Zorgplicht in artikel 2.1 van het Activiteitenbesluit
31. [appellant sub 1] en de stichting betogen dat de ministers ten onrechte geen gevolg hebben gegeven aan de zorgplichtbepaling in artikel 2.1 van het Activiteitenbesluit.
31.1. Uit artikel 2.1, eerste lid, gelezen in samenhang met het tweede lid, onder h, van het Activiteitenbesluit, zoals die golden ten tijde van het nemen van het bestreden besluit, volgt dat de drijver van de inrichting - dus: de exploitanten van Windpark N33 - lichthinder dient te voorkomen, dan wel, voor zover dat niet mogelijk is, tot een aanvaardbaar niveau moet beperken. Deze bepaling richt zich niet tot de ministers. Bij overtreding van de zorgplicht zijn de ministers evenmin het bevoegd gezag tot handhaving. Er is dan ook geen enkel verband tussen deze zorgplichtbepaling en het bestreden besluit.
Het betoog slaagt niet.
Exceptieve toetsing van het rijksinpassingsplan Windpark N33
32. [appellant sub 1] betoogt dat het rijksinpassingsplan Windpark N33 een hogere regeling is, die exceptief moet worden getoetst.
32.1. De Afdeling overweegt dat, bij wijze van exceptieve toetsing, de gelding van toepasselijke planregels aan de orde kan worden gesteld, bijvoorbeeld in een procedure die is gericht tegen een besluit over de verlening van een omgevingsvergunning (uitspraak van 14 december 2016 (ECLI:NL:RVS:2016:3339)). Een exceptieve toetsing van de planregels van het rijksinpassingsplan Windpark N33 kan in deze procedure niet aan de orde zijn, alleen al niet omdat het rijksinpassingsplan geen bepalingen bevat die bij het nemen van het bestreden besluit zijn toegepast, of waarbij aansluiting is gezocht. Het betoog slaagt niet.
Vertrouwensbeginsel
33. [appellant sub 1], de stichting en [appellant sub 5] betogen dat de ministers in strijd hebben gehandeld met het vertrouwensbeginsel. In de Nota van Antwoord over het voorontwerpbesluit hebben zij namelijk de toezegging gedaan dat de ervaren geluidoverlast wordt weggenomen of tot een aanvaardbaar niveau wordt teruggebracht, terwijl in de Nota van Antwoord over het ontwerpbesluit staat dat geluid geen onderdeel uitmaakt van de besluitvorming.
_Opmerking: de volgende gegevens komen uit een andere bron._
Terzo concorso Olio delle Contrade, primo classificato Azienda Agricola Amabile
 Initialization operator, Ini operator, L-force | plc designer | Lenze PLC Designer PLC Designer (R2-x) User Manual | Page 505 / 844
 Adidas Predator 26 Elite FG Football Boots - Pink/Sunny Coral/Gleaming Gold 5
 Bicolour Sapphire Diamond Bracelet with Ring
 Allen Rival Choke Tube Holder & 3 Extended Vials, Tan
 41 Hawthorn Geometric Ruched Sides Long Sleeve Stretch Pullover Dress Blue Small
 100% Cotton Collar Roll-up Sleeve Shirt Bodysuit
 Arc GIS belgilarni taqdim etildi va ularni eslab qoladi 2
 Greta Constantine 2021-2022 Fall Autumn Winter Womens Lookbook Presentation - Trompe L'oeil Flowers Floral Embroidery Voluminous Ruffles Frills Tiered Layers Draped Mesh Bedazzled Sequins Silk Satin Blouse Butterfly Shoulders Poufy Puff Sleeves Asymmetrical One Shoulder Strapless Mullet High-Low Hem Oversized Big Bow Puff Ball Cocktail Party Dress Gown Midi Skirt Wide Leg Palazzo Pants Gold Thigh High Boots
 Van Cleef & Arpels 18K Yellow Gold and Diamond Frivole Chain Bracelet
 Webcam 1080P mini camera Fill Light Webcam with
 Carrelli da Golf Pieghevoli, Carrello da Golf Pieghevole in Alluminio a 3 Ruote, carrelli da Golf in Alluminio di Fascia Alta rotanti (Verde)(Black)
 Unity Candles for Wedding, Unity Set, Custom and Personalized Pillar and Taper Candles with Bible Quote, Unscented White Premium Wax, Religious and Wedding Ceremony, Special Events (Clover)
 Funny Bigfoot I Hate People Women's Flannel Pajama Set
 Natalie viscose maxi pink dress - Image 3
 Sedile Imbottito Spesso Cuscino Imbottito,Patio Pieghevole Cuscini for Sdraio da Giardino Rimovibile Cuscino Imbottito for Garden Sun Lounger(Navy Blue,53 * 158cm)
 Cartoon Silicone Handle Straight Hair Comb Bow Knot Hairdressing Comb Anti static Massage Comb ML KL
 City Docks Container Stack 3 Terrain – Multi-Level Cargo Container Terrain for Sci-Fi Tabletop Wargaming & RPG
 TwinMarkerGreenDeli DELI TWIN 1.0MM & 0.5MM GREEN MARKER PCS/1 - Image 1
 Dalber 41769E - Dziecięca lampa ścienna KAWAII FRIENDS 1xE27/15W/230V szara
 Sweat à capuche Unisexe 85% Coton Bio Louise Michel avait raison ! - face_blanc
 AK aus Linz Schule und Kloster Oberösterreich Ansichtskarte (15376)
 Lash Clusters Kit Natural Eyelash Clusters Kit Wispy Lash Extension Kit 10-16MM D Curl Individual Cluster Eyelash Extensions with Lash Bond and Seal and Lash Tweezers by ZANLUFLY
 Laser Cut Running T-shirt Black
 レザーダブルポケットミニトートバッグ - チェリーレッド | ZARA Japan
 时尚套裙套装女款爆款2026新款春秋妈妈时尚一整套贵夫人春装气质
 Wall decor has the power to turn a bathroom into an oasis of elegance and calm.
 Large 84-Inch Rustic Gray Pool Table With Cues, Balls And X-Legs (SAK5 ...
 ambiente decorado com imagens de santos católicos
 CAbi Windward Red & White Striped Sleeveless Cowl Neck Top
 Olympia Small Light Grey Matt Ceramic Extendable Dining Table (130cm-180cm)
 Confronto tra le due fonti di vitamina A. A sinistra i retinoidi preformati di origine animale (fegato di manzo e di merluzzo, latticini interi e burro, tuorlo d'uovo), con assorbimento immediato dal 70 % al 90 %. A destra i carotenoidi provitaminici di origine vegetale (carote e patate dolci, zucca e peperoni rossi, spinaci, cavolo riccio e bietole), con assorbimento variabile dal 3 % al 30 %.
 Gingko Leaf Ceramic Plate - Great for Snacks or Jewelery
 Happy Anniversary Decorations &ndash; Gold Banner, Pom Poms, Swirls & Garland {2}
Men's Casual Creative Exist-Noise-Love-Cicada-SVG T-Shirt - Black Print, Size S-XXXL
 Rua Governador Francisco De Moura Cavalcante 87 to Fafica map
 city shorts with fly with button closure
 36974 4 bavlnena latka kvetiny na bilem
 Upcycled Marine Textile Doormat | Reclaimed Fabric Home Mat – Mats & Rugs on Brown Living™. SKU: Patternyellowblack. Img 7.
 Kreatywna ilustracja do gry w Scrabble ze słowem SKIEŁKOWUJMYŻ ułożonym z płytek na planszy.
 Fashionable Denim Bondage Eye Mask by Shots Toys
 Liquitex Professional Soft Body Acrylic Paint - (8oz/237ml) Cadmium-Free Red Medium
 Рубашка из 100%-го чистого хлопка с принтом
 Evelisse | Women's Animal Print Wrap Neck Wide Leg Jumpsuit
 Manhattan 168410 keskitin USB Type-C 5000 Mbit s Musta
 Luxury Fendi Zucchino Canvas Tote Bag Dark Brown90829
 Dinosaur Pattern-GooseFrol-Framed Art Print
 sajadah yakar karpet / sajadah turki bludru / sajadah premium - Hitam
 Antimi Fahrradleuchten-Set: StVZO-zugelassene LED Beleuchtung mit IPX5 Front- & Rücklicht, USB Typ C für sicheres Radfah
33.1. Wie zich beroept op het vertrouwensbeginsel moet aannemelijk maken dat van de kant van de overheid toezeggingen of andere uitlatingen zijn gedaan of gedragingen zijn verricht waaruit hij/zij in de gegeven omstandigheden redelijkerwijs kon en mocht afleiden of het bestuursorgaan een bepaalde bevoegdheid zou uitoefenen en zo ja hoe.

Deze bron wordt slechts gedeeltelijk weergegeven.